Dean Elgar’s battling century against the Cobras made a big statement about his readiness to become the next Proteas Test captain, writes RYAN VREDE.
It is early days in the domestic 4-Day series, and South Africa isn’t scheduled to play Test cricket until late December, but Elgar made a strong statement in the context of the Test captaincy.
His 101 in Cape Town came in a team total of 150. While everyone around him crumbled, Elgar was resolute and determined. This type of resilience has defined his career. It is just one marker of a strong leader, certainly. But it is a major one and one Elgar has exhibited with great consistency.
I write about this aspect of his character as being defining because the pool of potential Test-captain candidates – Temba Bavuma, Keshav Maharaj and Aiden Markram the most likely of those – isn’t blessed with men who embody a broad range of leadership qualities.
By this I mean that none of them are a Graeme Smith or Faf du Plessis, who supplemented their immense talent with consistent performances, high levels of charisma, temperament, tactical IQ and emotional intelligence. These attributes combined shaped the public perception of them as ‘natural’ leaders and earned them the public trust for the majority of their tenure.
None of those being spoken about as Du Plessis’ successor possess these qualities in the same measure, making it likely that the next Proteas skipper will be selected on an attribute like resilience, the type that allows his talent to soar in the midst of the most testing circumstances. This is where Elgar excels.
He is ahead of the chasing pack.
There have been lots of comparisons between Smith and Markram but those are unfounded. Markram was a young leader with plenty of potential, having won the U19 World Cup in 2014. But he never pressured the franchise selectors in the manner Smith did in his early 20s and, once there, never matched the early consistency that made Smith’s stay at franchise level relatively short-lived.
Such was Smith’s broad range of leadership qualities that he – aged 22 – became the youngest Test captain in South African cricket history. Markram’s growth curve doesn’t stand up in comparison. He isn’t even a certain pick and is battling to refine technical and mental aspects of his game at an age when Smith was already an established Test star.
This is not to say that Markram won’t get there. Players mature at different speeds and Markram may well figure it all out in the next couple of months. But, as it stands, he isn’t there yet. Neither is Bavuma nor Maharaj.
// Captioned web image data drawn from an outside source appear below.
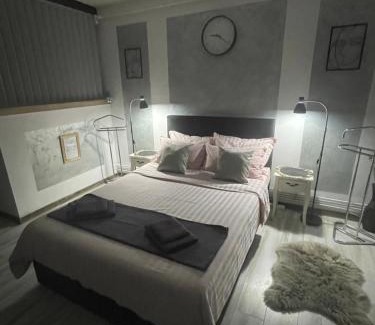 Hunedoara Apartment | Elegant Central Studio with Pool - Guest Rated 9.9/10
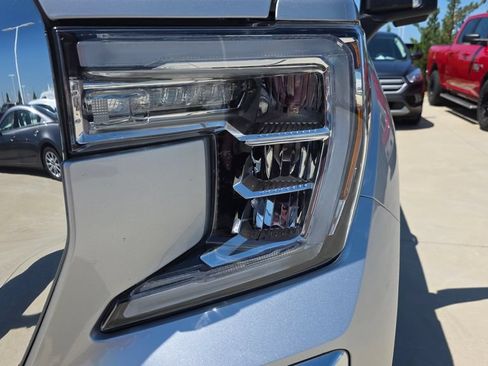 Used 2019 GMC Sierra 1500 SLT w/ SLT Premium Plus Package AWD/4WD image 9
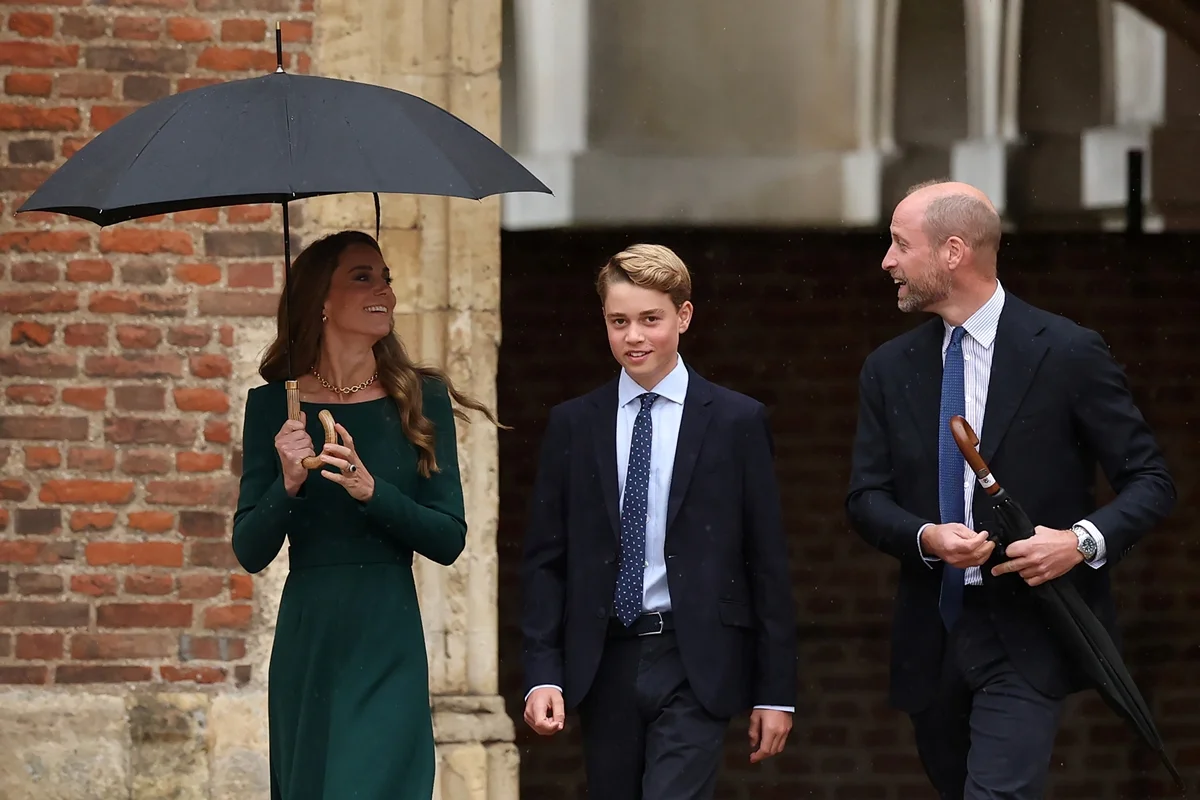 Foto colorida de mulher com vestido verde, adolescente e homem de terno. Eles estão caminhando - Metrópoles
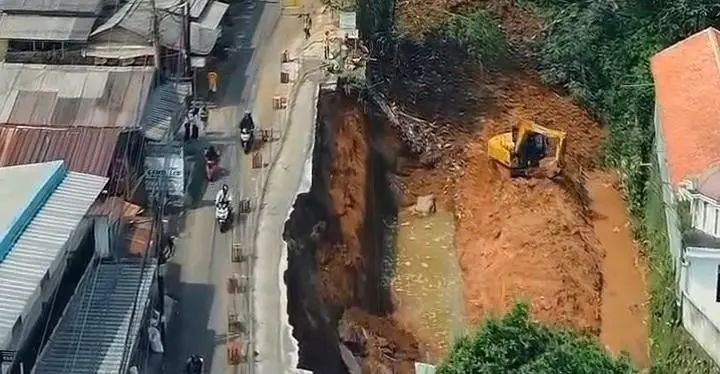 Jalan Cikampak–Bojong Rangkas di Ciampea Lumpuh 3 Tahun, Warga Desak Perbaikan Tuntas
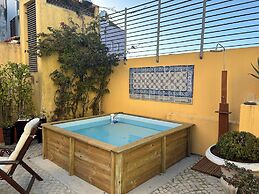 Solar Do Castelo, a Lisbon Heritage Collection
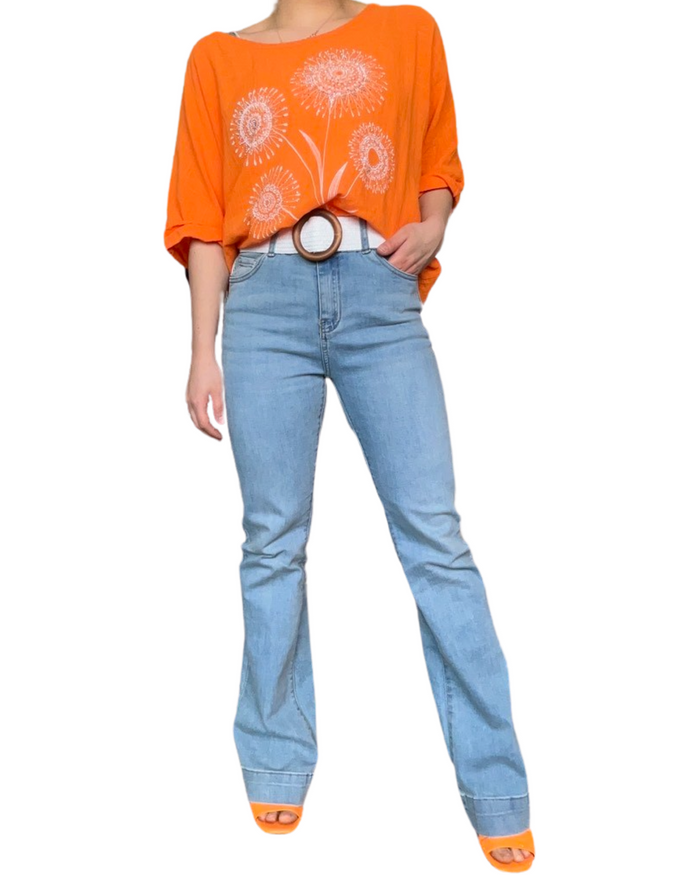 Jeans pour femme flare à taille haute 31 pouces de longueur avec chandail orange et ceinture blanche en jute.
The outside bet, Rassie van der Dussen, is still in the infancy of his Test career, and although he has made a solid start, scoring three 50s in eight innings, he is by no means shooting the lights out.
It is against this background that Elgar’s case is strengthened. It is early days as yet, but with his one-man resistance in Cape Town, Elgar has set himself apart for a job that relies on tons of what he has.